__TASK DIRECTIONS__:
Exactly the lines from the one containing "Randonneur dans un" through the one containing "Green hills with bridge over river" in the listing below are to be copied, with the pictures left out.

__EXERCISE INPUT__:
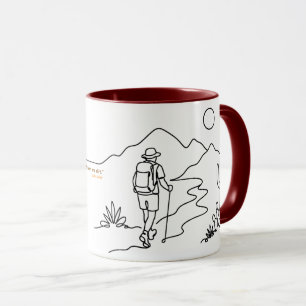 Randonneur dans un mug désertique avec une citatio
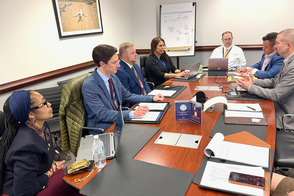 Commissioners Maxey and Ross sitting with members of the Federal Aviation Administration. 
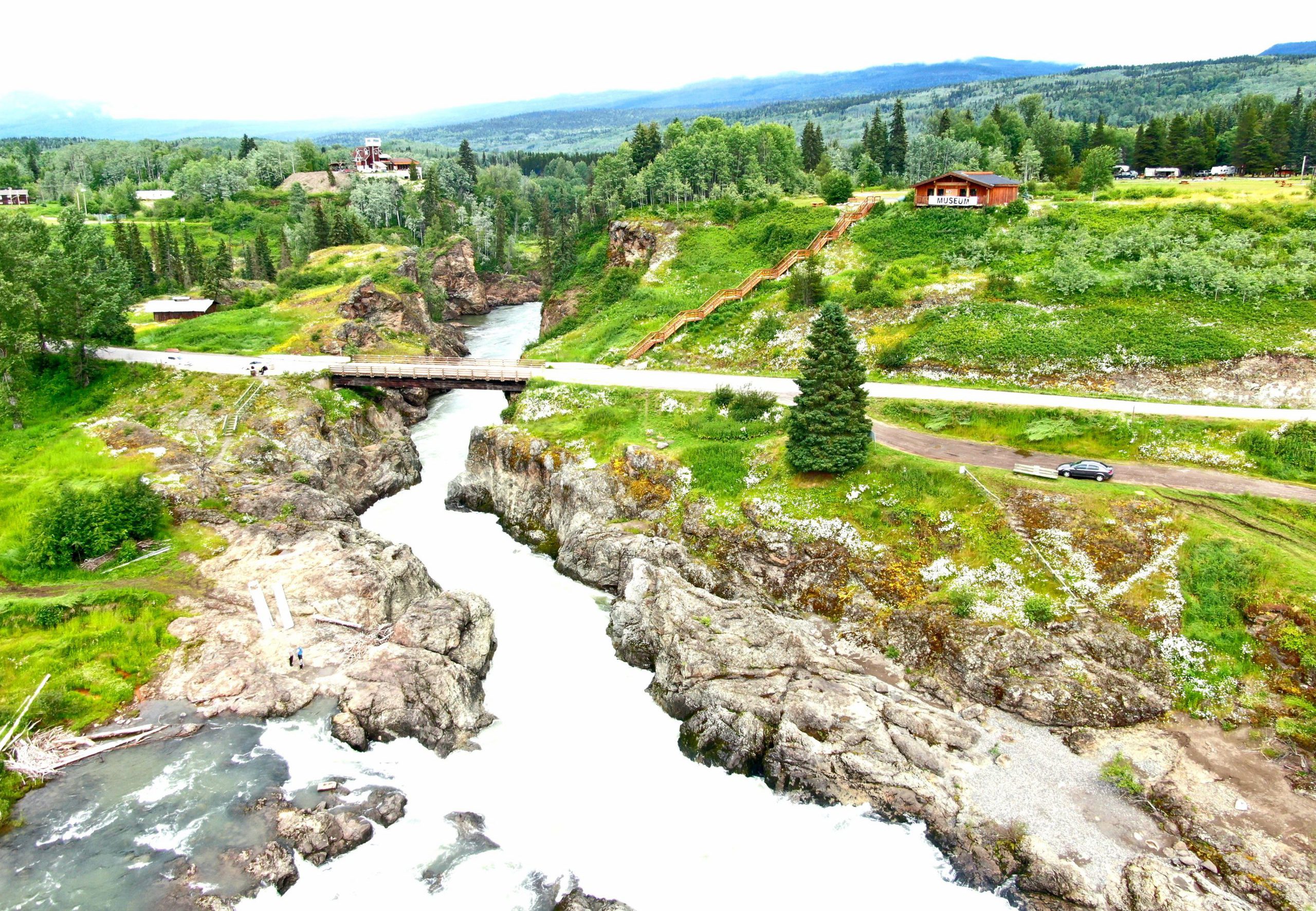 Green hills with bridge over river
==
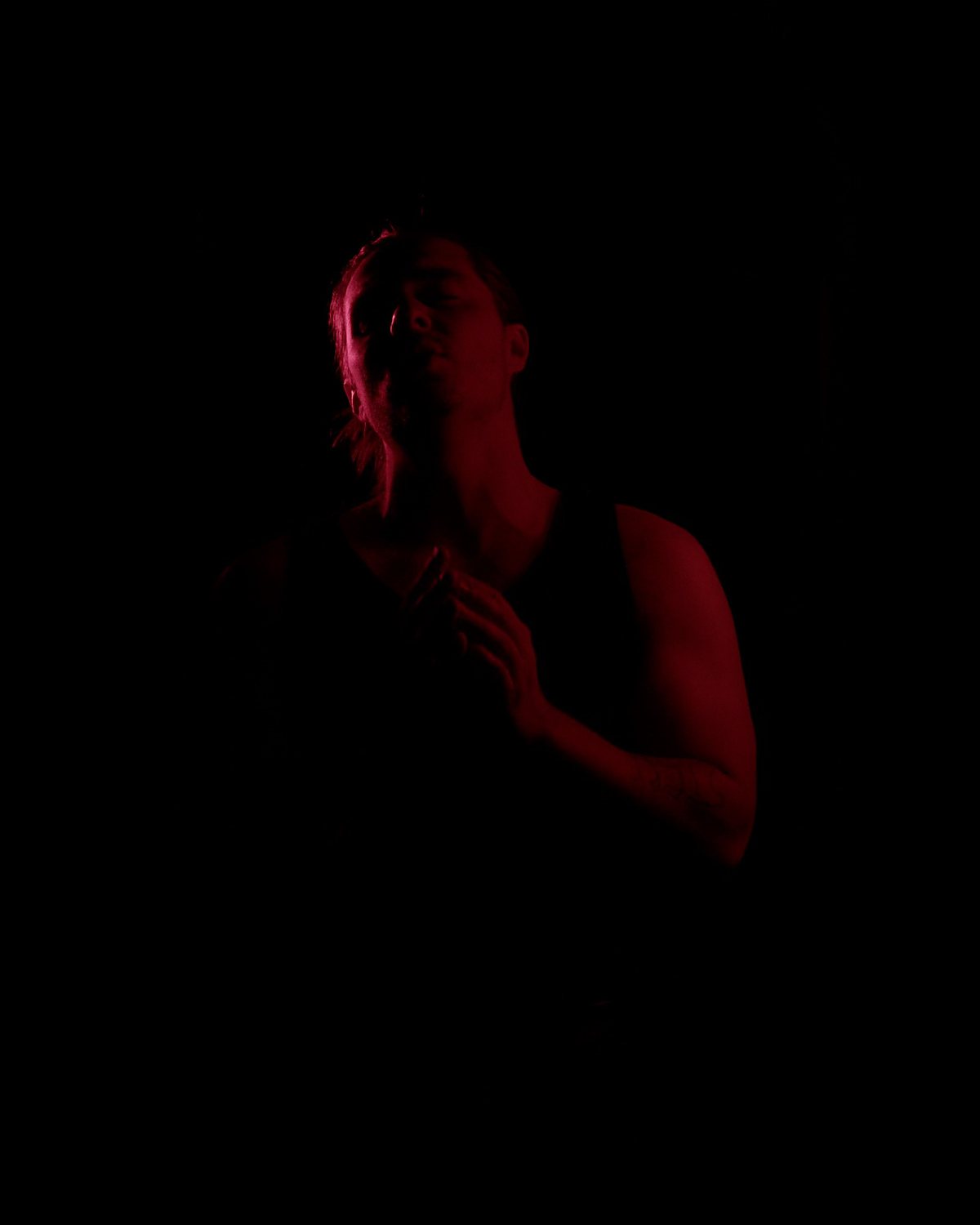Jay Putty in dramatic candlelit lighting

__TASK OUTPUT__:
 Randonneur dans un mug désertique avec une citatio
 Commissioners Maxey and Ross sitting with members of the Federal Aviation Administration. 
 Green hills with bridge over river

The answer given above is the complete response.